中表紙の猫の顔が、富士山柄の白黒斑なのも面白い。

 1ページ目を開くと「立春」とある。四季の暦が春から始まるという、当たり前なのに新鮮な感覚。立春を知らない人のために、ちゃんと2月4日頃で、春の始まりという説明もあり、春一番のことも書いてある。
 俵万智の「立春」の短歌は「春一番の思いよ届け 青空はあなたに続く色の階段」とあって、短歌の解説も綴られている。
そして富士山の絵は、空に飛び立つように羽を広げた鳩が雪のように描かれ、青い富士が、青い空にそびえている。
俵万智のこの歌が大好き!

 今の時代に24節気を全部正しく言える人は少ないと思うが、雨水、啓蟄、春分、晴明、穀雨、立夏、小満、芒種、夏至、小暑、立秋、でやっと半分、次の処暑で暑さも終わり、立秋から秋が始まる。

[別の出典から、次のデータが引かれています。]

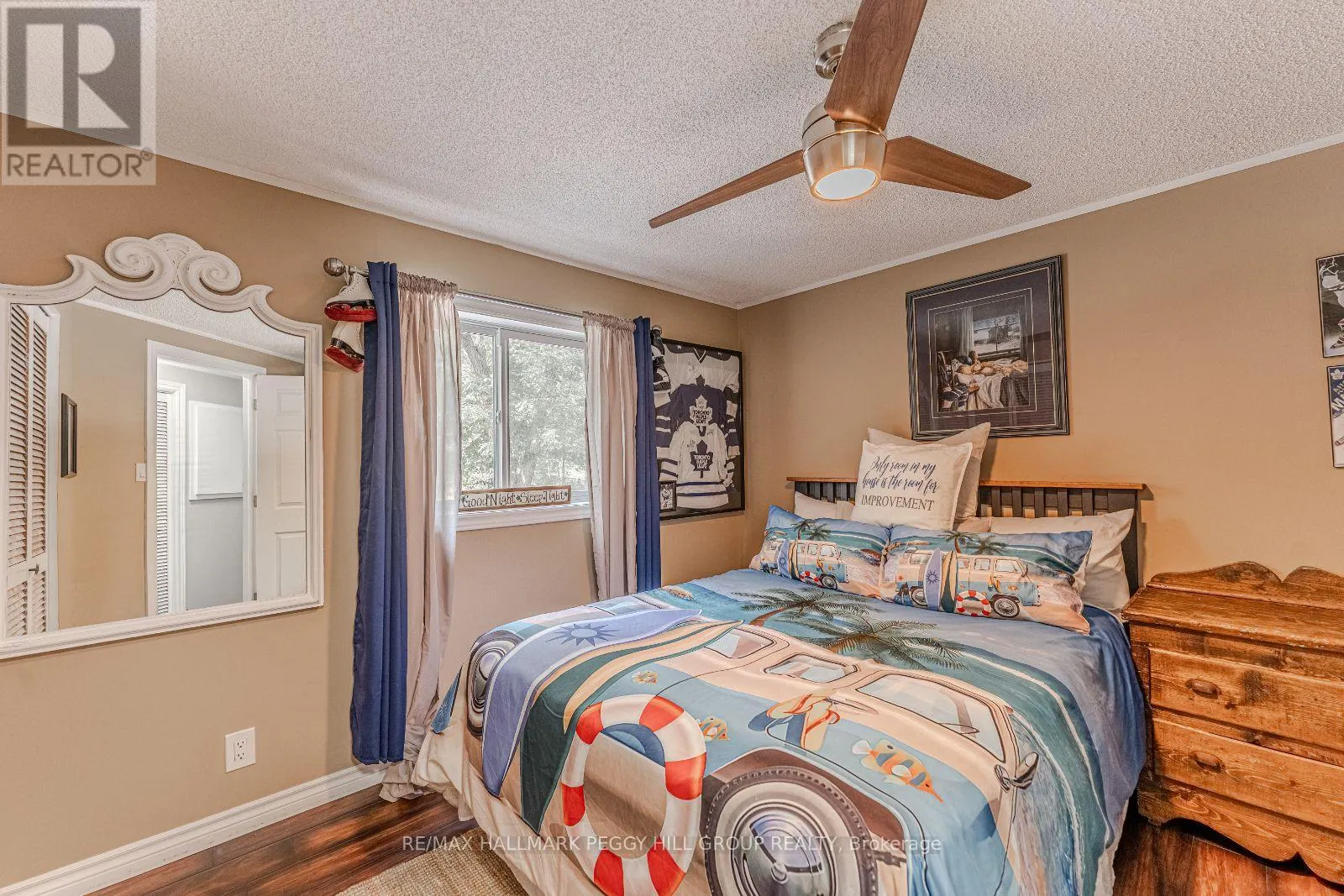 7498 ISLAND CRESCENT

 因みに「処暑」は冷たく冷えた缶ビール?の白い泡が雪のように泡立って流れ、頂上にはプルトップ。短歌は「幼子がビールの缶を抱きしめて ぷはっと笑う それは私か」とあって、「(前略、中略)どう思う?」と解説されている。

 なんだか、とっても豊かで、レベルの高い笑いのある楽しい本。